Rather than being standalone offerings, these cash flow management tools should live within broader software platforms that carry data on payment flows and the health of the business overall (e.g., B2B payments platforms, vertical software, or B2B marketplaces). The ongoing data these platforms capture gives a dynamic look at the business that can assist with underwriting, one a traditional lender cannot capture. Further, these platforms capture benchmarking data against a peer set that is valuable to both the customer and towards underwriting. This data can be especially rich if verticalized and if it picks up the specific metrics that matter for an industry. While this level of visibility always has value to SMBs, it’s true now more than ever and these fintech offerings can be a helpful product for these platforms to attract customers.
As we wrote in our predictions for 2023, compliance is going to be a major focus area for fintech companies this year—and regulators are already on a roll. Within days of starting the new year, the New York State Department of Financial Services (NYSDFS) announced it had reached a $100 million settlement with Coinbase for violating anti-money laundering laws. While this may seem like a slap on the wrist when compared to some larger fines—such as Wells Fargo’s $3.7 billion fine at the end of 2022 for legal violations across several of its product lines—Coinbase, interestingly, is required to spend $50 million, or half of the settlement, on improving its compliance program.

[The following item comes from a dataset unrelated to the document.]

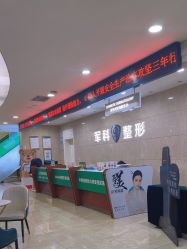 -重庆军科整形美容医院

This is intriguing for a few reasons. First, it’s worth noting that the infractions Coinbase has been penalized for happened over a two-year period in 2018 and 2019, but were only discovered during inspections that took place in 2020 and 2021. This underlines the fact that complying with regulatory requirements is one area where financial services startups should avoid moving fast and breaking things, as your transgressions will likely be found out. Second, the NYSDFS was less concerned with the infractions and more concerned with how poor Coinbase’s systems and processes were around compliance—notably know your customer (KYC), transaction monitoring, and suspicious activity reports (SARs). Third, given how important these three areas are to many types of fintech businesses, from banking to brokerage, fintech startups should look at Coinbase’s case as a warning shot of what’s to come if appropriate compliance steps aren’t taken.
While there is no shortage of reasons for why compliance software is necessary, the fact that regulators are actively requiring financial services companies to spend money on improving their compliance programs will only increase the urgency for and adoption of new software in this space.